Many pets adapt well to small homes and city living, becoming wonderful companions treated like members of the family. Nevertheless, they’re still animals, and develop odors quickly (unless you own a chinchilla – rumor has it they don’t smell). Being confined to a small space essentially amplifies even slight pet odors and makes them hard to hide. Nobody wants to be the person known for a home that always smells like its furry inhabitants, or even worse – becomes the cause for politely declined invitations to dinner. If you enjoy sharing your apartment with your pets, you shouldn’t have to choose between them and your social life.
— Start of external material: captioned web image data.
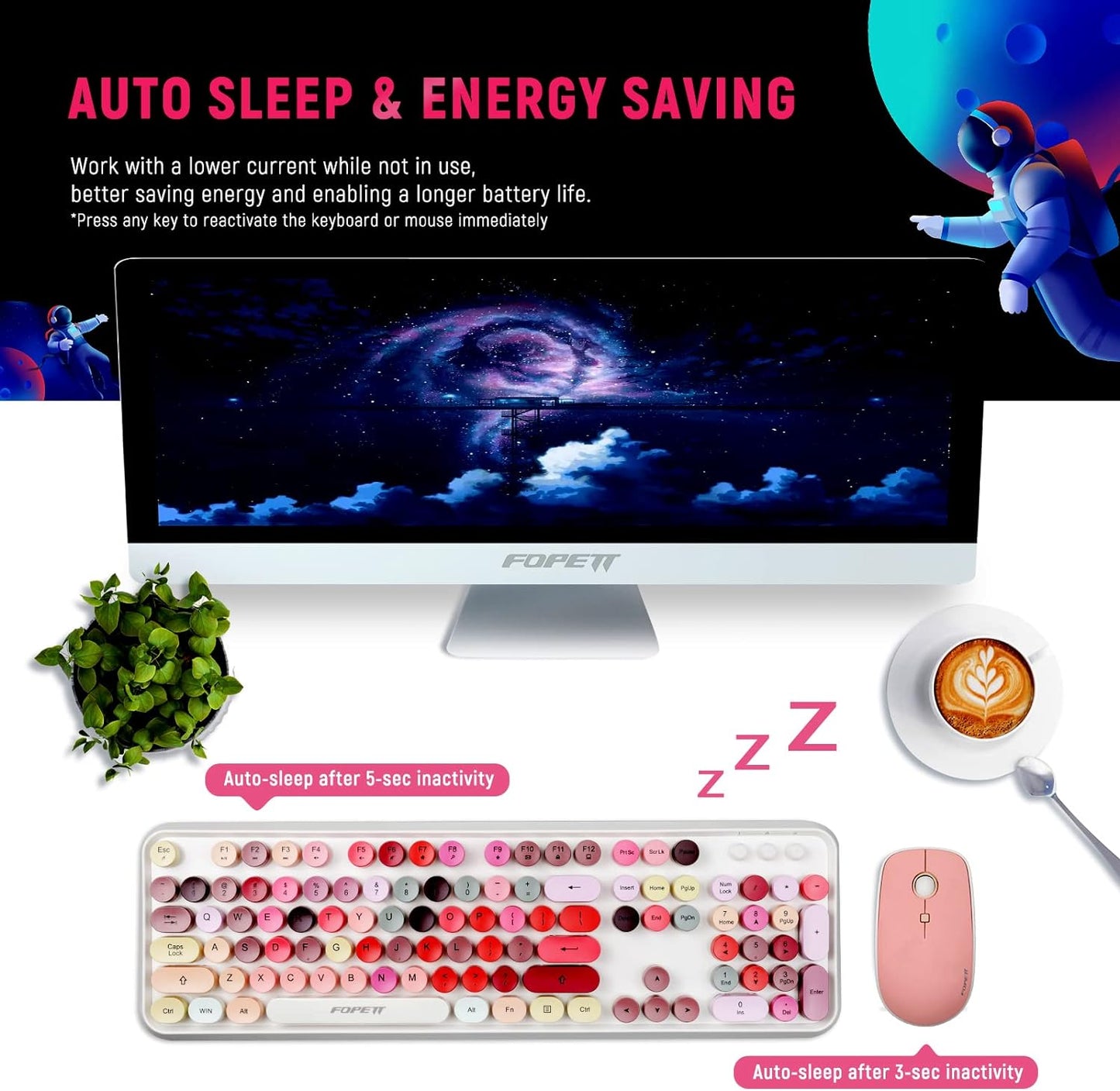 FOPETT Wireless Keyboard and Mouse Sets,Reliable 2.4 GHz Connectivity for PC,Laptop,Smart TV and More (White Colorful)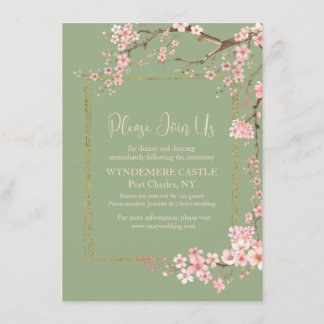 Enchanted Garden Sage Green & Pink Cherry Blossom Enclosure Card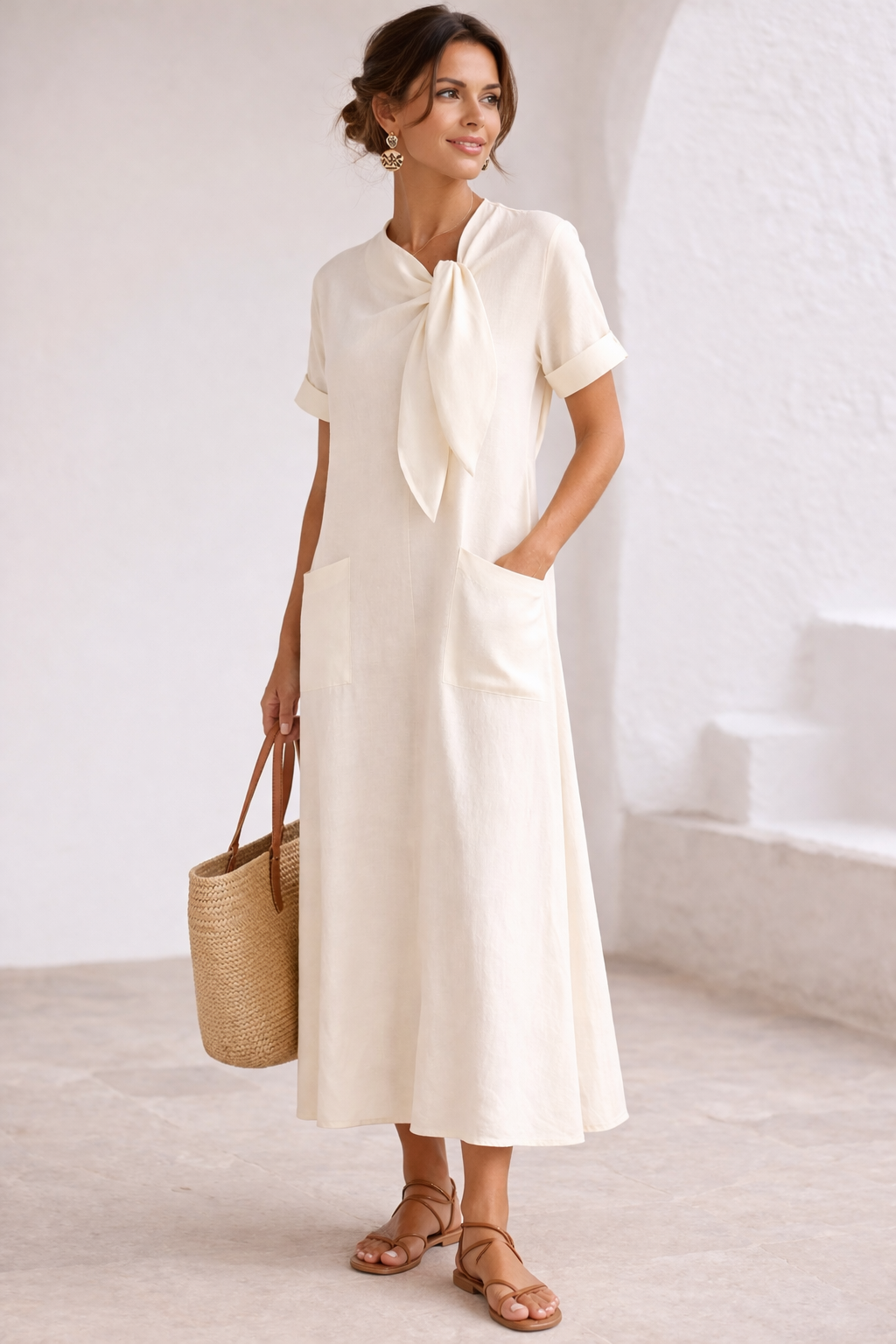 Fleur | Vestido elegante con lazo y bolsillos.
But Wait…I Don’t Have a Pet Odor Problem!

Just because you can’t smell anything offensive doesn’t mean your apartment doesn’t have pet odor. You may have become accustomed and desensitized to it. Ask an honest friend what they think, and pay attention when you come home after a few days away, when your senses are sharper. If it turns out your apartment smells like the animal that lives with you, don’t feel embarrassed. It’s simply a part of pet ownership. The good news is there are easy ways to prevent it them from deterring your (non four-legged) guests. Tackle pet odor by targeting its source, adopting consistent cleaning practices, and using the right tools to eliminate and prevent it.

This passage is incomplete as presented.